India is much more than a paradox. India is a battleground where tradition collides with modernity and the the sacred collapses into the profane. Telecommunication companies erect their towers beside ancient temples and people them with the first child in a 1000 year dynasty to eschew the life of a simply Brahman because call centre work pays better.
A precursory glance down any city street will confirm this. Women (when there are women to be seen that is…) in traditional sarees stroll besides those in jeans not to mention the ones in pajamas or cloaked in the modesty of a Burka.
There is of course another deeper dimension to India’s diversity as all manner of faiths exist, thrive and were even born here. A Nepali achieved enlightenment under an Indian tree and became the Buddha, India then exported this to Tibet just as it continues to export Hindu chic to the West. Sikhism maintains a proud presence and the trade-off during the colonial era was Latin Catholicism which continues to thrive in the south. Then of course, despite post partition tensions, the country remains a hub of Islam.

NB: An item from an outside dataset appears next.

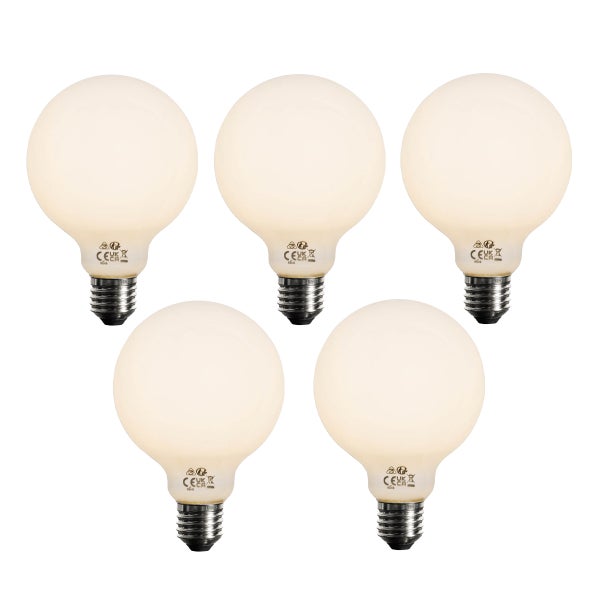 Fünf LED-Globelampen mit E27-Sockel und mattem Glas.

Never better than here do we see India’s “schizophrenia” manifest for on the one hand, she is the very picture of tolerance and harmony (from which an increasingly xenophobic, paranoid western world could learn) and yet at a moments notice, unspoken tensions flare up into violence, bloodshed and assassination.
There are over 500 languages spoken in India and 28 of these are considered major dialects. Consider that, it is around the same number of major dialects spoken in all of Europe. This is why India is often referred to as a sub-continent because India is in so many ways 100 or so countries wedged into one.

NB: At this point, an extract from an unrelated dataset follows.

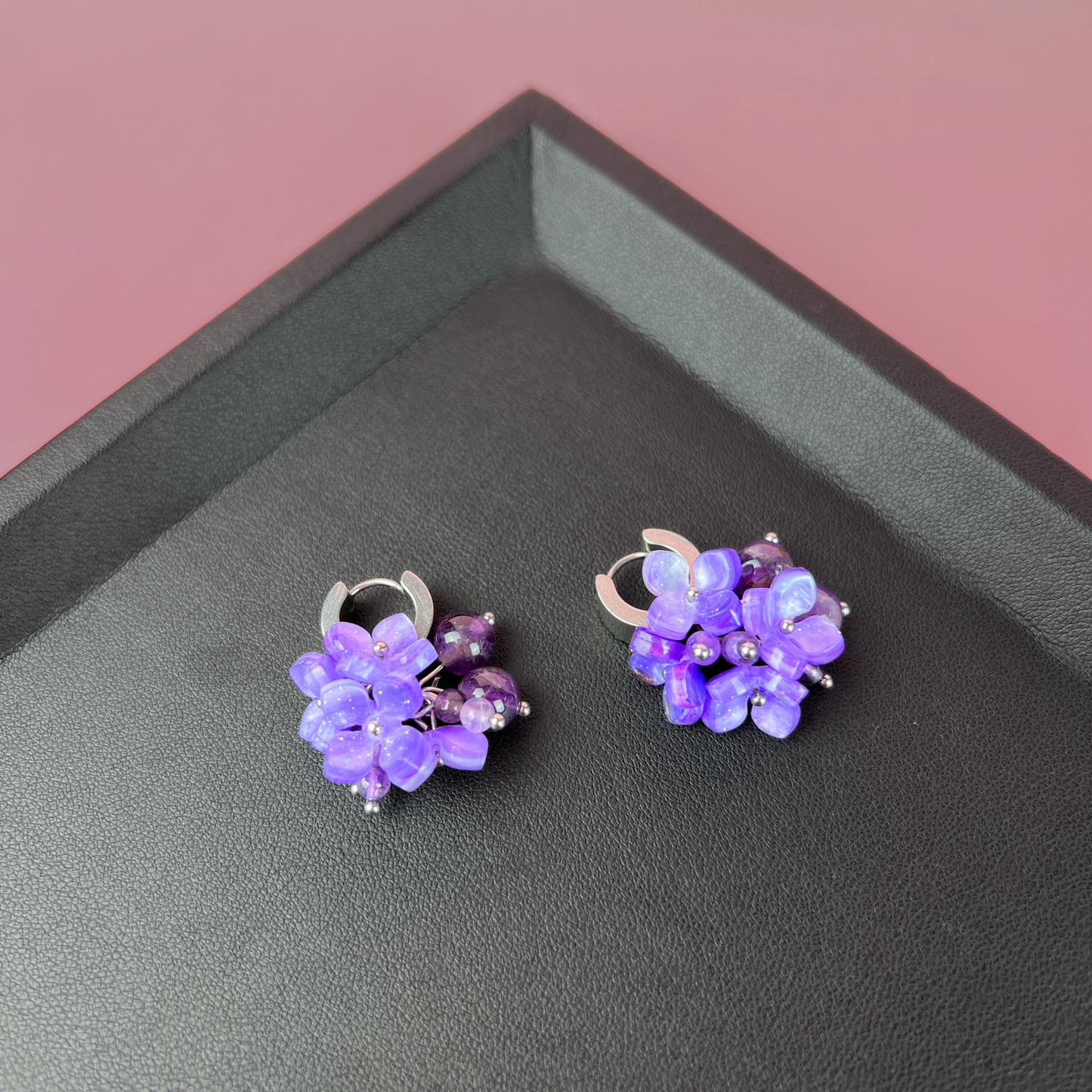 Boucles d'oreilles en fleurs d'hortensia, perles d'améthyste sur créoles épaisses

India as a coherent, cogent, single unified nation has only really existed since the British colonised her. Whether this unity was borne of the application of a single, official language (English), the railways knitting her together, or simply the defiant rebellion against a common oppressor is debatable.

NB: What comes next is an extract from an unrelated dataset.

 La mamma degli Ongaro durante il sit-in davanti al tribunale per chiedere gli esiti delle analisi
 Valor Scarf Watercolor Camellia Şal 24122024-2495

Perhaps it is because of all of this that travelers often find India to be a bi-polaronic experience. They have the best of times and the worst of times with very little in the middle.
When I first arrived in India I hated it. I counted the days until I could leave and even priced up flights to take me away to absolutely fucking anywhere. But then I fell for India and was deeply saddened when the time came to leave Dharamsala and make the border dash. Although the said border dash (with its sub-standard busses, useless staff and weird passengers) served to remind me exactly why I had hated the country so much in the first place.
India now seems to be emerging as an economic powerhouse, a centre of innovation and is rivalling China for domination and influence in Asia (India of course knows a thing or two about Imperialism haven’t learned from the best). From what I could see around me, this prosperity does not appear to have trickled very far down yet and there is evidence of massive inequality and punishing poverty all around. But then again there always was here and this is merely yet another example of her paradoxical nature, she is a beggar clothed in silk and an empress dressed in rags.
India will defy, reject and yet absorb and encompass any definition you try to impose on her. She will continue to intrigue, fascinate, divide and unite travellers for generations to come. She is nothing you expect and yet still everything you wanted her to be. She is simply India and I shall be sure to return.